Exclude all images and print the entries below exactly.

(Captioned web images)
____________
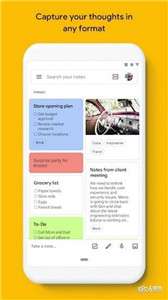 keep笔记图2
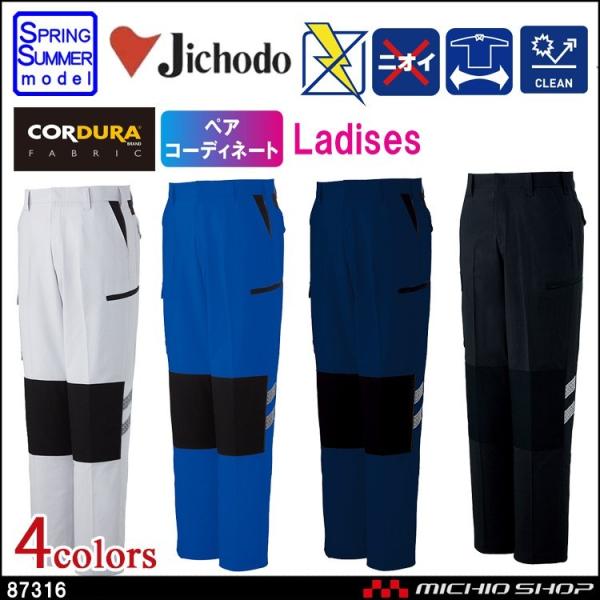 ƕ d Xgb`fB[XJ[Spc 87316t  傫TCY101cm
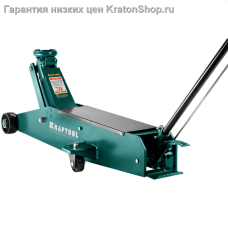 Домкрат подкатной KRAFTOOL HIGH-LIFT 10т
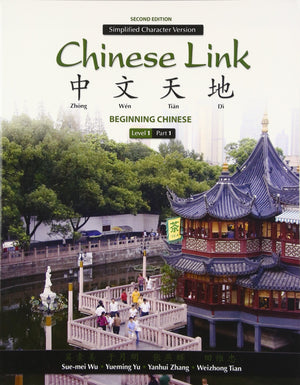 Chinese Link: Beginning Chinese, Simplified Character Version, Level 1/Part 1,Used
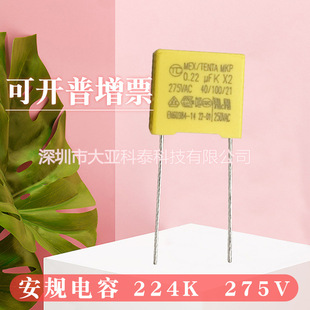 ��Ҏ���224K275V/824K275V�_��p10/p15 �к��z���aƷ �|�����C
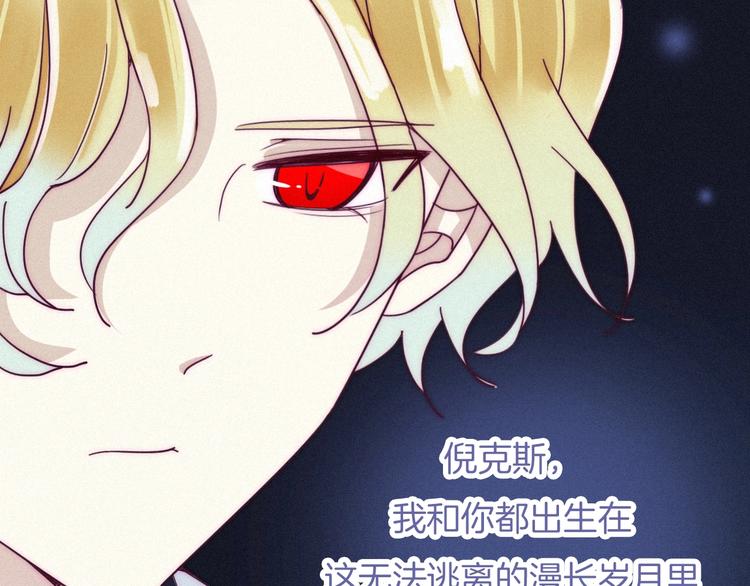 第38话 指引者计划93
____________
■ **Output of the exercise**
 keep笔记图2
 ƕ d Xgb`fB[XJ[Spc 87316t  傫TCY101cm
 Домкрат подкатной KRAFTOOL HIGH-LIFT 10т
 Chinese Link: Beginning Chinese, Simplified Character Version, Level 1/Part 1,Used
 ��Ҏ���224K275V/824K275V�_��p10/p15 �к��z���aƷ �|�����C
 第38话 指引者计划93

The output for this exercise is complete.